**Activity:** Below are some records. Write out exactly their lines from the one with "ÇETİN AKDENİZ" through the one with "Centrul Fericirii –", and leave the pictures behind.

**Records shown:**
● ● ● ● ●

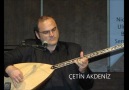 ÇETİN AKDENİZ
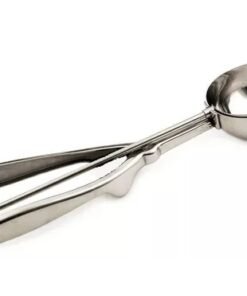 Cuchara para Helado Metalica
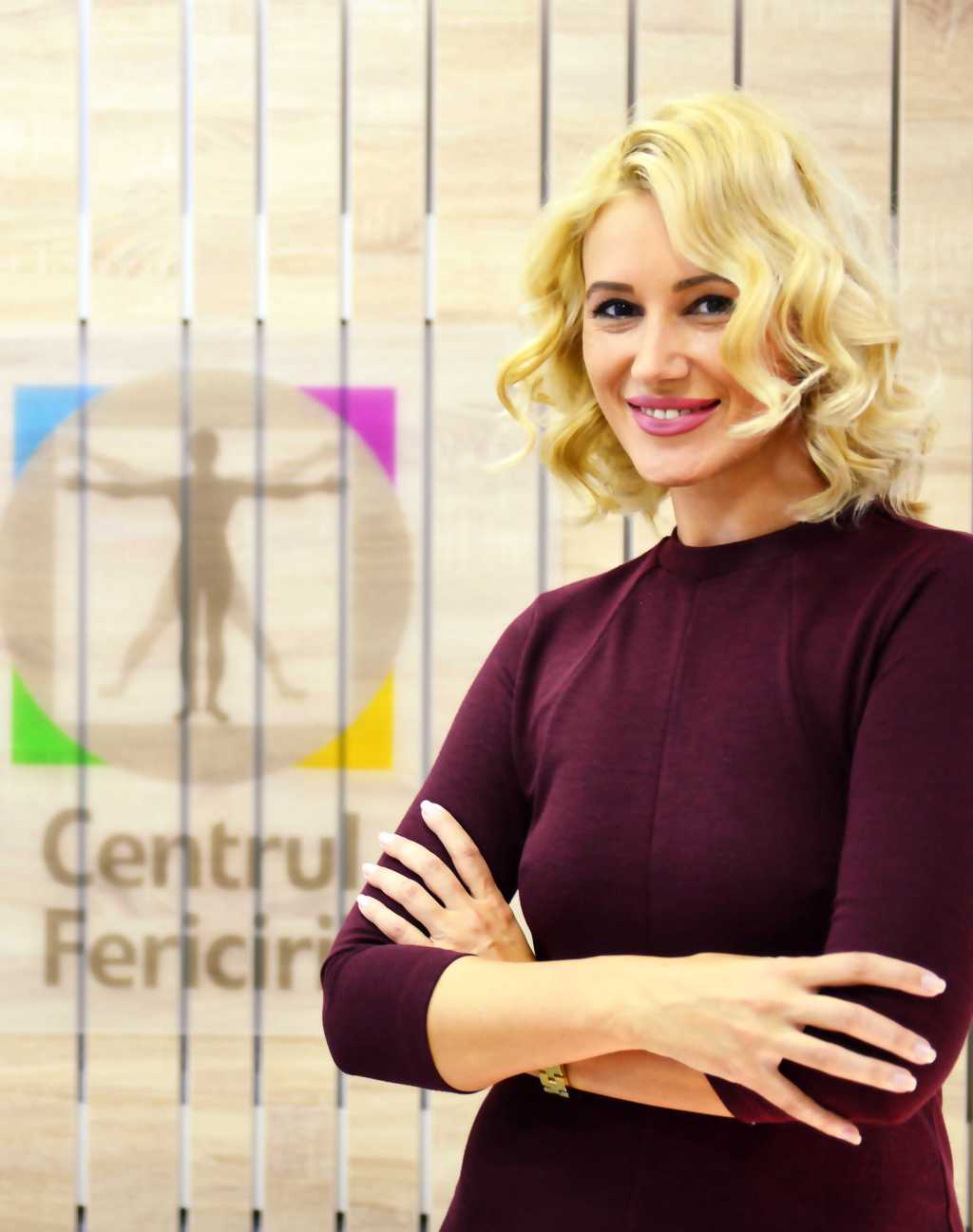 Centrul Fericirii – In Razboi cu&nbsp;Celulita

● ● ● ● ●

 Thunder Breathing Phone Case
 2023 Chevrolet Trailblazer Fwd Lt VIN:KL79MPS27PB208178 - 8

● ● ● ● ●

**Task answer:**
 ÇETİN AKDENİZ
 Cuchara para Helado Metalica
 Centrul Fericirii – In Razboi cu&nbsp;Celulita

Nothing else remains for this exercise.